**Task item**.
Give the whole listing below once more, exactly, without pictures.

**Supplied entries**.
####

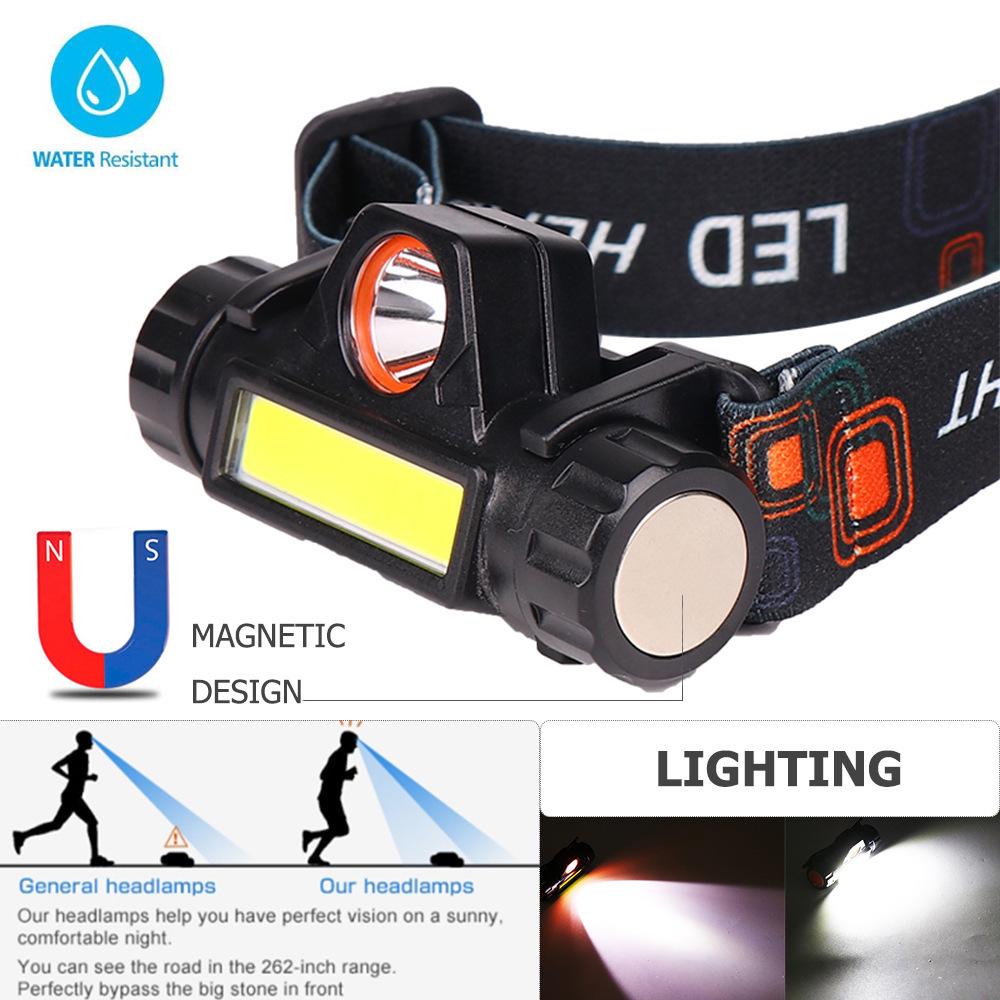LED High Power Headlamp: USB Rechargeable, Magnetic, COB Light for Outdoor, Cycling, Emergency, Fishing, and Work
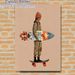 Skateboarding & Surfing Themed Painting Poster, Vibrant Cartoon Style Poster, Trendy Urban Design With Figure Holding Graffiti Surfboard On_maomaolike.com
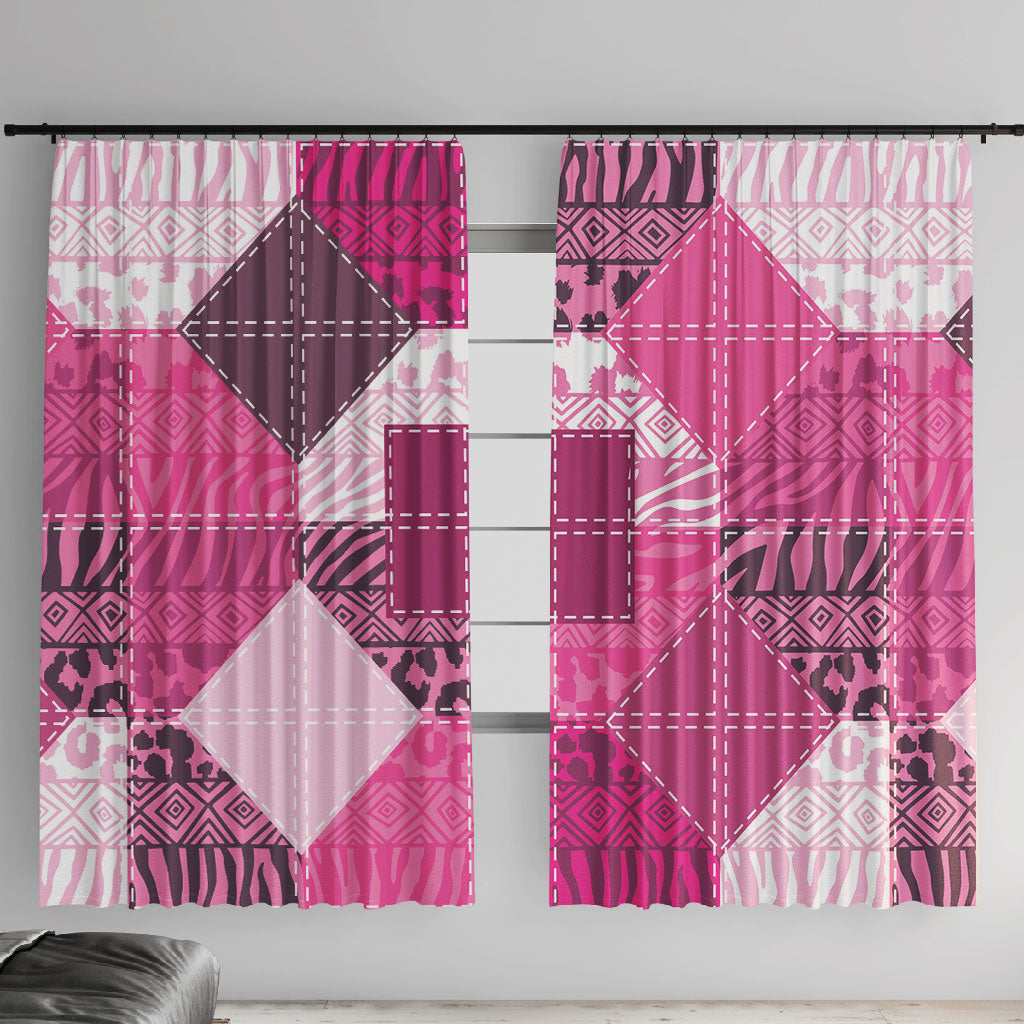 African American Quilt Inspired Window Curtain Wild Animal Skin African Pink Tribal Elements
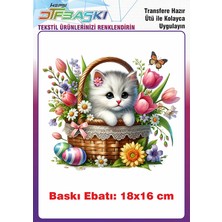 F17 Ajans Paskalya Temalı Ütü ile Yapışan Tişört Tekstil Baskı
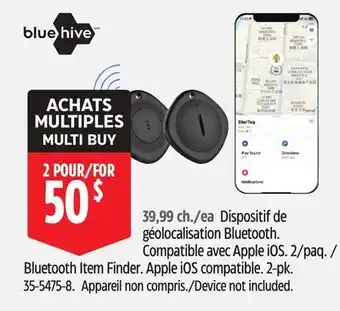 Canadian Tire BLUEHIVE Bluetooth Item Finder Apple iOS compatible. 2-pk offer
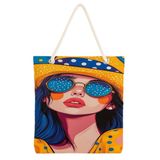 Desio Tote Çanta Kumaş Çanta Plaj Çantası Büyük Kadın Omuz Çantası Estetik Baskılı Kumaş Çanta Hediyesi Kadına Özel Jüt Görünümlü Alışveriş Üniversite İş Okul XL Boy Sarı Şapka Noktalı Kadın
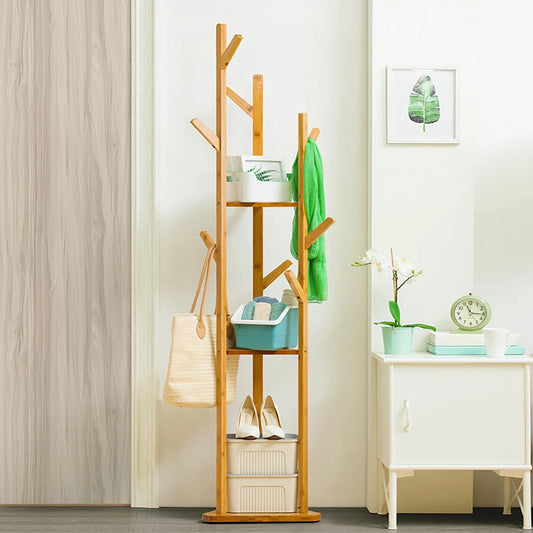 Portant vertical bambou 3 étagères naturel 165 cm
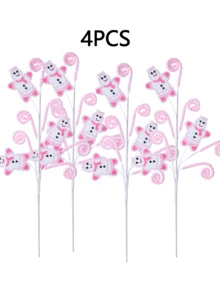 1/2/4/6 buc Crăciun roz turtă dulce om de zăpadă ramură decorare brad de Crăciun decorare turtă dulce Crăciun sărbătoare decorare casă decorațiuni de Crăciun camera decor iarnă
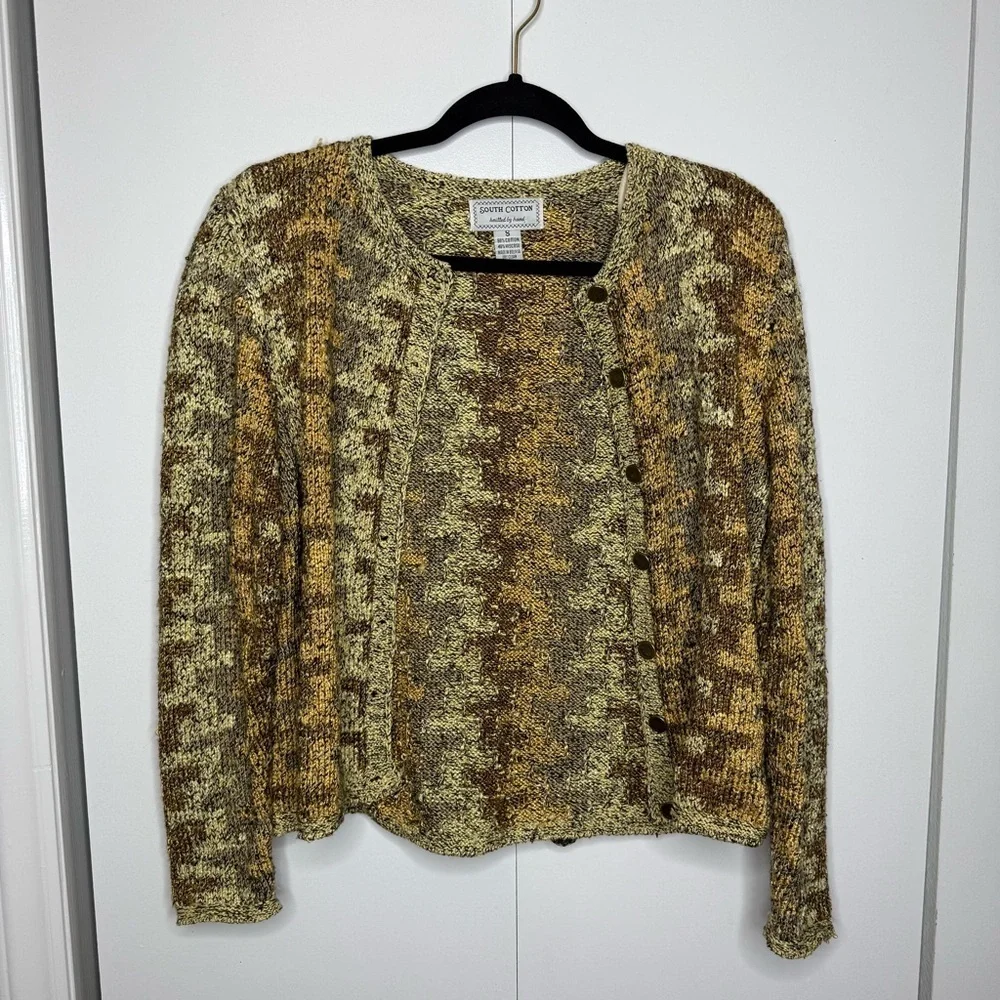 South Cotton Hand Knit Sweater Cardigan Brown Gold - Small - Picture 3 of 9
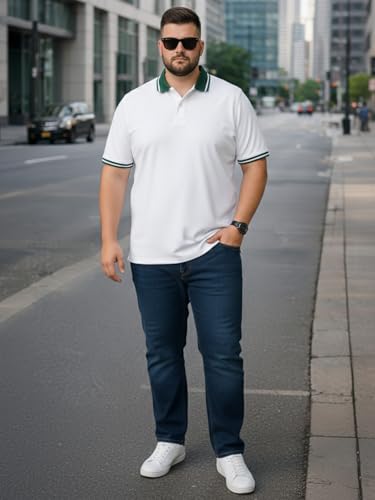 Image of Veirdo Men's Classic Fit Plus Size Polo T-Shirt, Half Sleeve, Stylish Cotton Tee, Formal & Casual Wear, Comfortable & Durable (3XL-5XL)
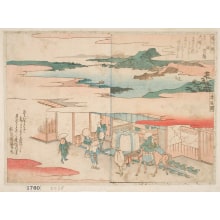 Totoya Hokkei, 魚屋北渓 (Totoya Hokkei)による浮世絵「Lake Hato and the Osaka Seki」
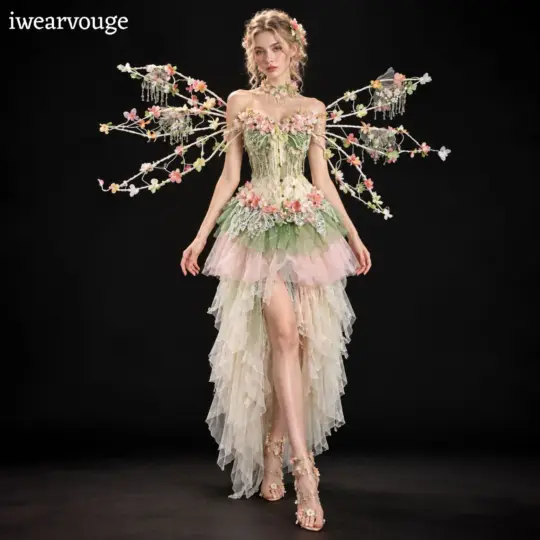 Fairycore Floral Corset Mini Dress, Woodland Fantasy Costume, Pastel Tulle Dress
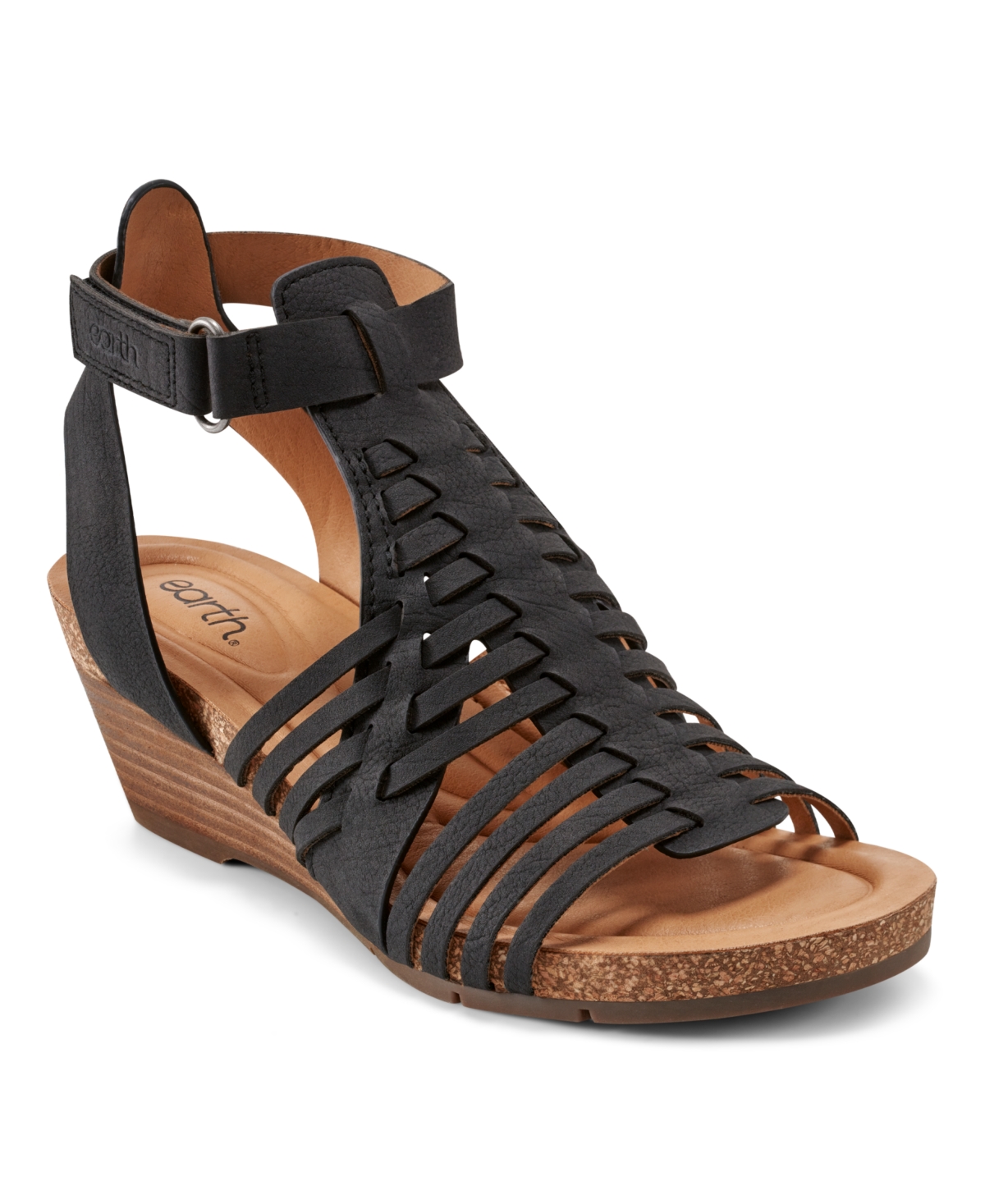 Shop Earth Women's Hattie Fisherman Wedge Sandals In Black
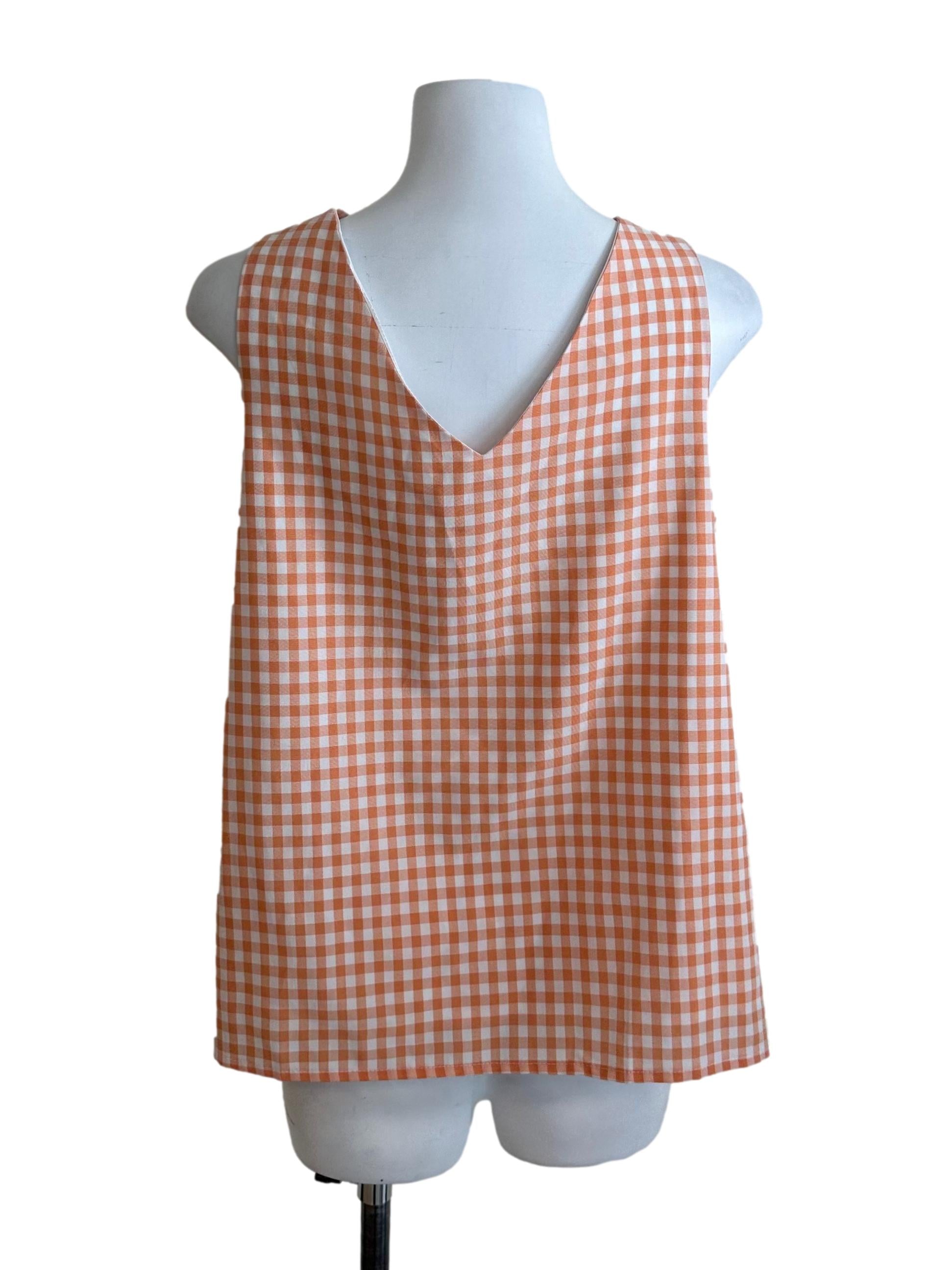 Light Orange Plaid Knot Halter Top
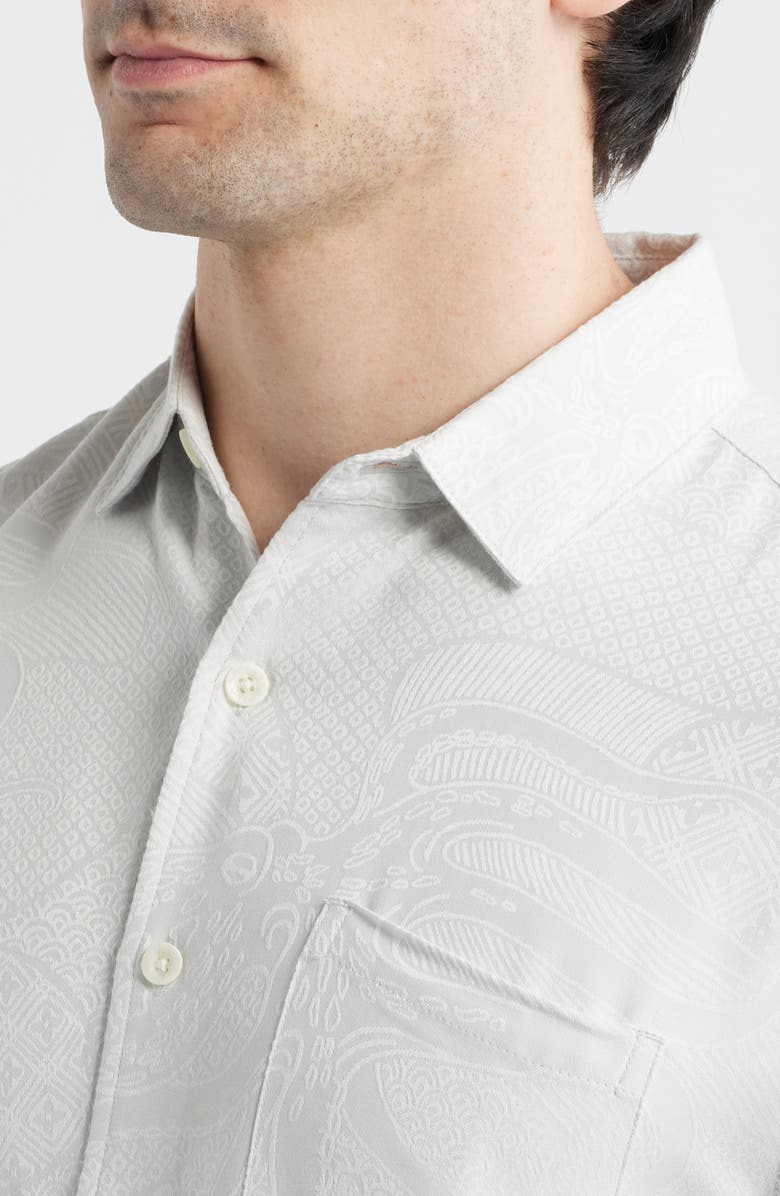 Kahala Ho'l Nalo Jacquard Short Sleeve Button-Up Shirt, Alternate, color, Shell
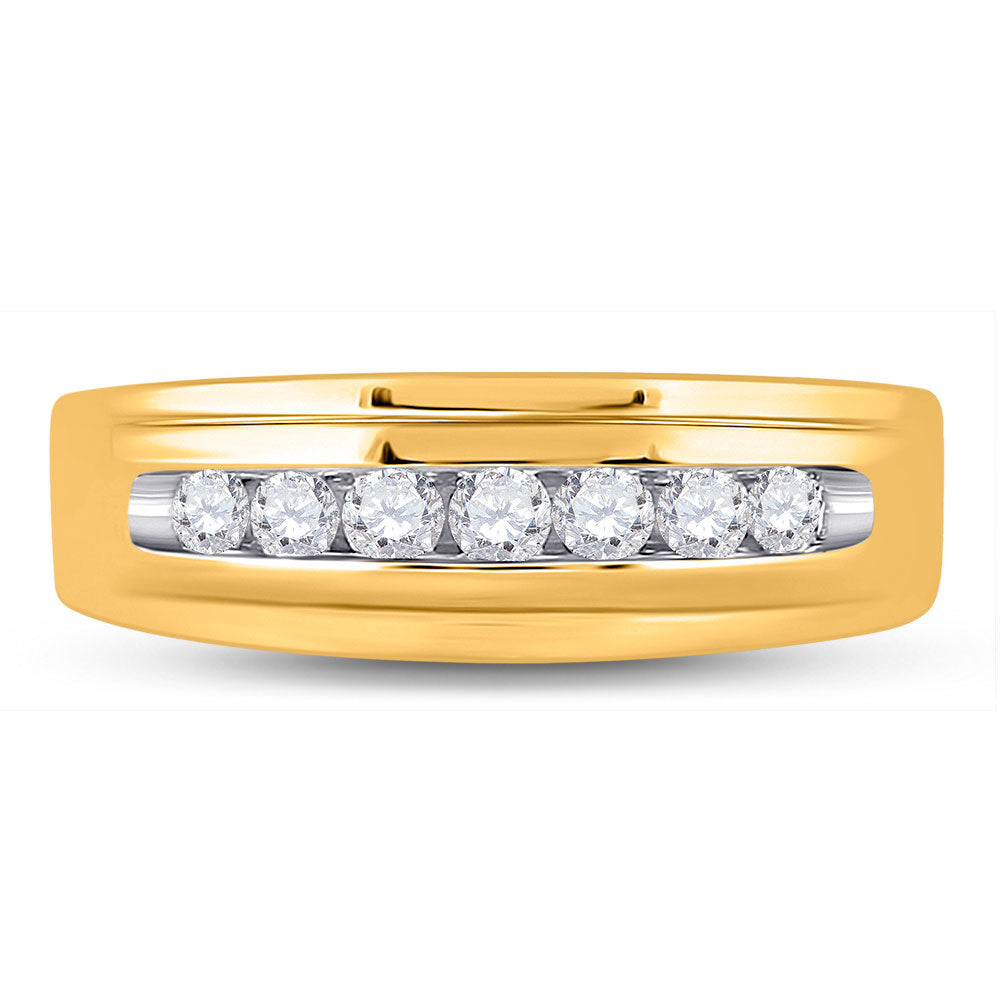 14kt Yellow Gold Mens Round Diamond Wedding Single Row Band Ring 1/2 Cttw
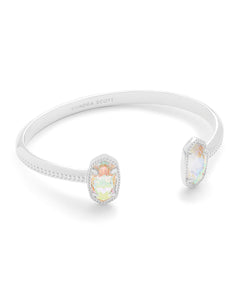 Kendra Scott Silver Elton Bracelet Rhodium Dichroic Glass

####

**Answer for this exercise**.
LED High Power Headlamp: USB Rechargeable, Magnetic, COB Light for Outdoor, Cycling, Emergency, Fishing, and Work
 Skateboarding & Surfing Themed Painting Poster, Vibrant Cartoon Style Poster, Trendy Urban Design With Figure Holding Graffiti Surfboard On_maomaolike.com
 African American Quilt Inspired Window Curtain Wild Animal Skin African Pink Tribal Elements
 F17 Ajans Paskalya Temalı Ütü ile Yapışan Tişört Tekstil Baskı
 Canadian Tire BLUEHIVE Bluetooth Item Finder Apple iOS compatible. 2-pk offer
 Desio Tote Çanta Kumaş Çanta Plaj Çantası Büyük Kadın Omuz Çantası Estetik Baskılı Kumaş Çanta Hediyesi Kadına Özel Jüt Görünümlü Alışveriş Üniversite İş Okul XL Boy Sarı Şapka Noktalı Kadın
 Portant vertical bambou 3 étagères naturel 165 cm
 1/2/4/6 buc Crăciun roz turtă dulce om de zăpadă ramură decorare brad de Crăciun decorare turtă dulce Crăciun sărbătoare decorare casă decorațiuni de Crăciun camera decor iarnă
 South Cotton Hand Knit Sweater Cardigan Brown Gold - Small - Picture 3 of 9
 Image of Veirdo Men's Classic Fit Plus Size Polo T-Shirt, Half Sleeve, Stylish Cotton Tee, Formal & Casual Wear, Comfortable & Durable (3XL-5XL)
 Totoya Hokkei, 魚屋北渓 (Totoya Hokkei)による浮世絵「Lake Hato and the Osaka Seki」
 Fairycore Floral Corset Mini Dress, Woodland Fantasy Costume, Pastel Tulle Dress
 Shop Earth Women's Hattie Fisherman Wedge Sandals In Black
 Light Orange Plaid Knot Halter Top
 Kahala Ho'l Nalo Jacquard Short Sleeve Button-Up Shirt, Alternate, color, Shell
 14kt Yellow Gold Mens Round Diamond Wedding Single Row Band Ring 1/2 Cttw
 Kendra Scott Silver Elton Bracelet Rhodium Dichroic Glass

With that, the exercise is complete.